■ WHAT THE TASK REQUIRES ■
Only one stretch of the records below should be repeated. It starts with the line containing "T20 World Cup" and goes on through the line containing "2025味精行业市场规模及运营态势分析_人保财险政银保 ,人保车险", exactly as written.

[EXCERPTED DATA]

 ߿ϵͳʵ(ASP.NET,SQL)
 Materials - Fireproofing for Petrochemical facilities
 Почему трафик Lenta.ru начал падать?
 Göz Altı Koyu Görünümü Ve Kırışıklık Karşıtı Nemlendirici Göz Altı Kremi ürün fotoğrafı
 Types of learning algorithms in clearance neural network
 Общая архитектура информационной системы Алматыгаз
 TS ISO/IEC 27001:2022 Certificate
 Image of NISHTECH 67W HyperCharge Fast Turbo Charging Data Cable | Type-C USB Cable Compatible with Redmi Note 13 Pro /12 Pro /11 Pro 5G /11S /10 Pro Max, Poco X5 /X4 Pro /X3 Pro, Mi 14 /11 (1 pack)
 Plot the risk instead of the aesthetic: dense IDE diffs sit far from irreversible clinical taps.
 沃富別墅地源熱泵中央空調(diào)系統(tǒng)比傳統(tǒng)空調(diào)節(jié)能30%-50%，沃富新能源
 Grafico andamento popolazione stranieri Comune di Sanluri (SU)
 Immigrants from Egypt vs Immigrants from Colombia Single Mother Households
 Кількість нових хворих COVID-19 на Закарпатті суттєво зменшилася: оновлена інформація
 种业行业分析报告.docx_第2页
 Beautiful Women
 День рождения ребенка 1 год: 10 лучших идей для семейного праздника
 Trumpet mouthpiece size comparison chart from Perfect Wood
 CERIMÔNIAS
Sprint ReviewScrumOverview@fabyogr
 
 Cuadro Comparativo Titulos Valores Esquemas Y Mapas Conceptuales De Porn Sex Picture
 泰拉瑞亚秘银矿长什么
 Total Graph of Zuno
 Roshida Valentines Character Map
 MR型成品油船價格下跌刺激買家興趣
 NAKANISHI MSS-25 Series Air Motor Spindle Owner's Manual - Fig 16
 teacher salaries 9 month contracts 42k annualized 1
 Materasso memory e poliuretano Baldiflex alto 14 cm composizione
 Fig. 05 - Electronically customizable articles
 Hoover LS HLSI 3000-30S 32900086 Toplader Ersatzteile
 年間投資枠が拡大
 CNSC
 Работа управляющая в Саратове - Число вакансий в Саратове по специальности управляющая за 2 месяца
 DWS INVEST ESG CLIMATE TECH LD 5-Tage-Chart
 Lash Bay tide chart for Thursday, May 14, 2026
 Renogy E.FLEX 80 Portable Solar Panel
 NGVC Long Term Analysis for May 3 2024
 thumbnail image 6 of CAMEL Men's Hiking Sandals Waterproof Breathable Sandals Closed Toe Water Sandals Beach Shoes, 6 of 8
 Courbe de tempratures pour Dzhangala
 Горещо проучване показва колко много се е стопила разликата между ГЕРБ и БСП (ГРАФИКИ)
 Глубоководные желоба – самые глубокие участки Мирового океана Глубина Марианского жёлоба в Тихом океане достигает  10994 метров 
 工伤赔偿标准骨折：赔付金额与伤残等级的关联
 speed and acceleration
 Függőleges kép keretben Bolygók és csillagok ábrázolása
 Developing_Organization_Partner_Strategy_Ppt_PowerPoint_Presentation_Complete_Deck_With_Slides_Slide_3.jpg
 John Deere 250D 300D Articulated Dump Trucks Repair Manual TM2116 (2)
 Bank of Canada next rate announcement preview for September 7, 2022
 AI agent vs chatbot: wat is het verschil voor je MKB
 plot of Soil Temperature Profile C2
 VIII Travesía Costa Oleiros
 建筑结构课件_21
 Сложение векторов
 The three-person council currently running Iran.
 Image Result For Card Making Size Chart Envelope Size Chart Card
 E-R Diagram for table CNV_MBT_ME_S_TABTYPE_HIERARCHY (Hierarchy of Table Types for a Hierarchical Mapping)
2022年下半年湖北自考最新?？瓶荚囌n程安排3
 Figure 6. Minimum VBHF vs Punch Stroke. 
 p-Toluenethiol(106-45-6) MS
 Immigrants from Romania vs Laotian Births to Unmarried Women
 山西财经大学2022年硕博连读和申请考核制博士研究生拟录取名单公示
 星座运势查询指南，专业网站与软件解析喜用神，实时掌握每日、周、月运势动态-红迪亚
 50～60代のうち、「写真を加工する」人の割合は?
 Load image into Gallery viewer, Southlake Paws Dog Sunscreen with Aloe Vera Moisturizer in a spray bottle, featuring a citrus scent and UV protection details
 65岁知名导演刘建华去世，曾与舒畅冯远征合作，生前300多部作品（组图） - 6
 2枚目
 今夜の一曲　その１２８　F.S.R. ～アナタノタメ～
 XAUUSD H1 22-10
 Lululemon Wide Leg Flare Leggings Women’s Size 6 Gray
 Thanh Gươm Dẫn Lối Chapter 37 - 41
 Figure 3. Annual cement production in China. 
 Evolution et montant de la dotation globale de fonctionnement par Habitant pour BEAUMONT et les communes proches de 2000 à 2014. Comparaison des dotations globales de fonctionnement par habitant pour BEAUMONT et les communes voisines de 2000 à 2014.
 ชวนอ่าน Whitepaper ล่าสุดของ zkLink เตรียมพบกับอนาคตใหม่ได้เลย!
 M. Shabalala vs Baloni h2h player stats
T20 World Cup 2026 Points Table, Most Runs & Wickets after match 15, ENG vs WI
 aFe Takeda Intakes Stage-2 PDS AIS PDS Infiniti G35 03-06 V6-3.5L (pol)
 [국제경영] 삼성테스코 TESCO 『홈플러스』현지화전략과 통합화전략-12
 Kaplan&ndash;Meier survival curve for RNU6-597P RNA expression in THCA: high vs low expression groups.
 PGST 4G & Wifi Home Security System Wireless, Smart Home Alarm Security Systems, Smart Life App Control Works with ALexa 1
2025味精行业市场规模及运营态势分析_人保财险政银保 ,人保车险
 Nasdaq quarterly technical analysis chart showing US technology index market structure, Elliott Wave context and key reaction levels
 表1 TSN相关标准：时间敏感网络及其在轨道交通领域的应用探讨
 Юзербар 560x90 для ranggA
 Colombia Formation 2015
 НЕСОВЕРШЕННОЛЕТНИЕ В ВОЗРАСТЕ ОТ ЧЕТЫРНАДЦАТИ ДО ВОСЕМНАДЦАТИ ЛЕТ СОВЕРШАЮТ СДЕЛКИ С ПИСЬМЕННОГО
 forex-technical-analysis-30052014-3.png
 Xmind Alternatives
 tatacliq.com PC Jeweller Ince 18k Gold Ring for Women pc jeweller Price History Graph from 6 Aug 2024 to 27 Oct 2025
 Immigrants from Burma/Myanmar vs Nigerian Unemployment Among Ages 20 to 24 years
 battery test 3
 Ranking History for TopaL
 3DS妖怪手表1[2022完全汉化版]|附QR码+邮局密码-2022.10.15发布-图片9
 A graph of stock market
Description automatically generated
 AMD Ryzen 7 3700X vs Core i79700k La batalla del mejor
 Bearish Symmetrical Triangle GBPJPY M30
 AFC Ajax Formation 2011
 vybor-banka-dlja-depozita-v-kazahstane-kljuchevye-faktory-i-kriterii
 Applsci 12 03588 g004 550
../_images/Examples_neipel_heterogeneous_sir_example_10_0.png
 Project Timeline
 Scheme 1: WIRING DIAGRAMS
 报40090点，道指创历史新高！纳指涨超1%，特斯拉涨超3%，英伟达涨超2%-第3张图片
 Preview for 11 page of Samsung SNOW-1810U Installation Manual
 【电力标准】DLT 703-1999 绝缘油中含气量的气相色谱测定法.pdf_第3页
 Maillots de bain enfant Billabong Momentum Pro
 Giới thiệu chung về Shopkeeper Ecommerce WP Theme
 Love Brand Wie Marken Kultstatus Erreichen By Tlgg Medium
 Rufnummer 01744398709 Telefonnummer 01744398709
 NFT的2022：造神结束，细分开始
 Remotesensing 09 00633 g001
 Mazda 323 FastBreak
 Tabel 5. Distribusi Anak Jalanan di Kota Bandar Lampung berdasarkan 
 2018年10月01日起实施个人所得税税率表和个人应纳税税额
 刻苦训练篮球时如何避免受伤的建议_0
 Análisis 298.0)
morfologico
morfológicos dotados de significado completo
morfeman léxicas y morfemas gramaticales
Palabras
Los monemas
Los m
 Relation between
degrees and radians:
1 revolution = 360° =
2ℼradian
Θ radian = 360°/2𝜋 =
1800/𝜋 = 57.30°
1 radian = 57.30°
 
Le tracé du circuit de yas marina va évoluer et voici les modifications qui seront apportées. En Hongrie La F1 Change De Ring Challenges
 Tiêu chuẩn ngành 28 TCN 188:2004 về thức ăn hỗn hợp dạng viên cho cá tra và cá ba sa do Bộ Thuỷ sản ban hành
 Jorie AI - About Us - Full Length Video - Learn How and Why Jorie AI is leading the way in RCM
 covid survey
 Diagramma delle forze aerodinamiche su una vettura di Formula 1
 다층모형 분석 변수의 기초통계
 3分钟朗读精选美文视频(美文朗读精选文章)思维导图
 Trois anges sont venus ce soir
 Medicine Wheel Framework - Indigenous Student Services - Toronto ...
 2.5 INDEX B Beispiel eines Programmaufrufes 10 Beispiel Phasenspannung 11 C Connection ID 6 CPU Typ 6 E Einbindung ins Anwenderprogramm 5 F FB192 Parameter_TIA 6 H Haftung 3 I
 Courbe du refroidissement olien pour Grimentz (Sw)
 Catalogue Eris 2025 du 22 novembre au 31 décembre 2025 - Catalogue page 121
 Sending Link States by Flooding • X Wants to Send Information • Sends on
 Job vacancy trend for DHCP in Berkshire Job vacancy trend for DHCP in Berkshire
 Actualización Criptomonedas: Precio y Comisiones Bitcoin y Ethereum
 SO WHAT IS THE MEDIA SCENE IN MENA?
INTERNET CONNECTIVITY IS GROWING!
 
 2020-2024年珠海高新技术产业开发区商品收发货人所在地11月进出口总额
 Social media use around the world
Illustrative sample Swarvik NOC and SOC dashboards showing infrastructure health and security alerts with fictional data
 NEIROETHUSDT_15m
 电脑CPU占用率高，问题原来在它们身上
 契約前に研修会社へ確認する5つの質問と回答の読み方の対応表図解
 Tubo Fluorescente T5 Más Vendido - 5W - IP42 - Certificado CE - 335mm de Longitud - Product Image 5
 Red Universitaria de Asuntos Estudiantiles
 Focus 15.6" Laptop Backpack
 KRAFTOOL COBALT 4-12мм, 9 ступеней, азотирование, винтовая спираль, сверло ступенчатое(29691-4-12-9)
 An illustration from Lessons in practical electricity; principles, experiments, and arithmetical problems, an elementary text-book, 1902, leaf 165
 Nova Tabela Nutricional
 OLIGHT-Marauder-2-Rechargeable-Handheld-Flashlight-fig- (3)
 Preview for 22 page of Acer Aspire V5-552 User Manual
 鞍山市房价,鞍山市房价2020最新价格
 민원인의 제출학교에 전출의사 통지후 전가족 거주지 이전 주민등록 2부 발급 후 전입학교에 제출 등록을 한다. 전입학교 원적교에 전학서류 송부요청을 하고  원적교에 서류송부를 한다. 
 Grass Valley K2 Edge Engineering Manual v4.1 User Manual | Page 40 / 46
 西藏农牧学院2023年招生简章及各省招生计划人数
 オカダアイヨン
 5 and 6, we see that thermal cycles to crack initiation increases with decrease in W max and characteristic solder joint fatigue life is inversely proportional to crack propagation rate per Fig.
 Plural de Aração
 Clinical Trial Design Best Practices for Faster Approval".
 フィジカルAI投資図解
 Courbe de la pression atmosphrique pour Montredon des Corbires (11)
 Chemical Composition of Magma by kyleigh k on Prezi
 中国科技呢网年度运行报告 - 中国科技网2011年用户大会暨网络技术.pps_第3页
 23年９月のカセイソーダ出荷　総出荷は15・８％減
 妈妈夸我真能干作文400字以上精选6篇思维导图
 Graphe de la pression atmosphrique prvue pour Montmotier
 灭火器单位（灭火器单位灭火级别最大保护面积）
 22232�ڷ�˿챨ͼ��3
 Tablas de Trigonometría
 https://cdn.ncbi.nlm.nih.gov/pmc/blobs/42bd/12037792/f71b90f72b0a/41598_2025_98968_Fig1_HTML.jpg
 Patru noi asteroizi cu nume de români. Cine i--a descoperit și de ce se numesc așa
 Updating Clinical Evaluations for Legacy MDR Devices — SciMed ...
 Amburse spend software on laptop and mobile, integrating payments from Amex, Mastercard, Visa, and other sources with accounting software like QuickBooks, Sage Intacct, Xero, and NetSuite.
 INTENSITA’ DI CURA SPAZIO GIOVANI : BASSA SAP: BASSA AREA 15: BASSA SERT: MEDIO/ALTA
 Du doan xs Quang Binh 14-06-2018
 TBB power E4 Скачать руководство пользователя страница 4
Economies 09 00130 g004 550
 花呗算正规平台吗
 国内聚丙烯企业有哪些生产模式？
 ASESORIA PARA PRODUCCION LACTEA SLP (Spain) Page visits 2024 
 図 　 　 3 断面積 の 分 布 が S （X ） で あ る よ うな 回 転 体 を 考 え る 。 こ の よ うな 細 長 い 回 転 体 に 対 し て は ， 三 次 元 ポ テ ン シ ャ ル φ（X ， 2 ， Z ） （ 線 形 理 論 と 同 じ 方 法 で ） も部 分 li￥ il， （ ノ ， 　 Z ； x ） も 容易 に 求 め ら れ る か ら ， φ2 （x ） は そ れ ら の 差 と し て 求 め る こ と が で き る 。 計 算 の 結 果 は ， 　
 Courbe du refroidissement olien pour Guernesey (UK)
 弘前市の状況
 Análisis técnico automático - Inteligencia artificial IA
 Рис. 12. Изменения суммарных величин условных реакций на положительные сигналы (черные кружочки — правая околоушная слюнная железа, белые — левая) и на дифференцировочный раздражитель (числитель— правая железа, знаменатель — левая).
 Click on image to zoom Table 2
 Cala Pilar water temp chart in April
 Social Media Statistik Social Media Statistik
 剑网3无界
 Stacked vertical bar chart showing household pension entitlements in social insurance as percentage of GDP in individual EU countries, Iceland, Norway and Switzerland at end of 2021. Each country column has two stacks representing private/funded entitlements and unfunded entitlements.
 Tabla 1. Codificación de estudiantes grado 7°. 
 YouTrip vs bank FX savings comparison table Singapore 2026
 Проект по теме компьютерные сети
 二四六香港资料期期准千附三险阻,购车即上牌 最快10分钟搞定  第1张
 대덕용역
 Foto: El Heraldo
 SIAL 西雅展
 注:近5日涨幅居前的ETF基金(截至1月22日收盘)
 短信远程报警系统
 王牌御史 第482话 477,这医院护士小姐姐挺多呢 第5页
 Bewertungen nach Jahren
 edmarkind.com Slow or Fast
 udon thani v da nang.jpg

[/EXCERPTED DATA]

■ RESPONSE TO THE TASK ■
T20 World Cup 2026 Points Table, Most Runs & Wickets after match 15, ENG vs WI
 aFe Takeda Intakes Stage-2 PDS AIS PDS Infiniti G35 03-06 V6-3.5L (pol)
 [국제경영] 삼성테스코 TESCO 『홈플러스』현지화전략과 통합화전략-12
 Kaplan&ndash;Meier survival curve for RNU6-597P RNA expression in THCA: high vs low expression groups.
 PGST 4G & Wifi Home Security System Wireless, Smart Home Alarm Security Systems, Smart Life App Control Works with ALexa 1
2025味精行业市场规模及运营态势分析_人保财险政银保 ,人保车险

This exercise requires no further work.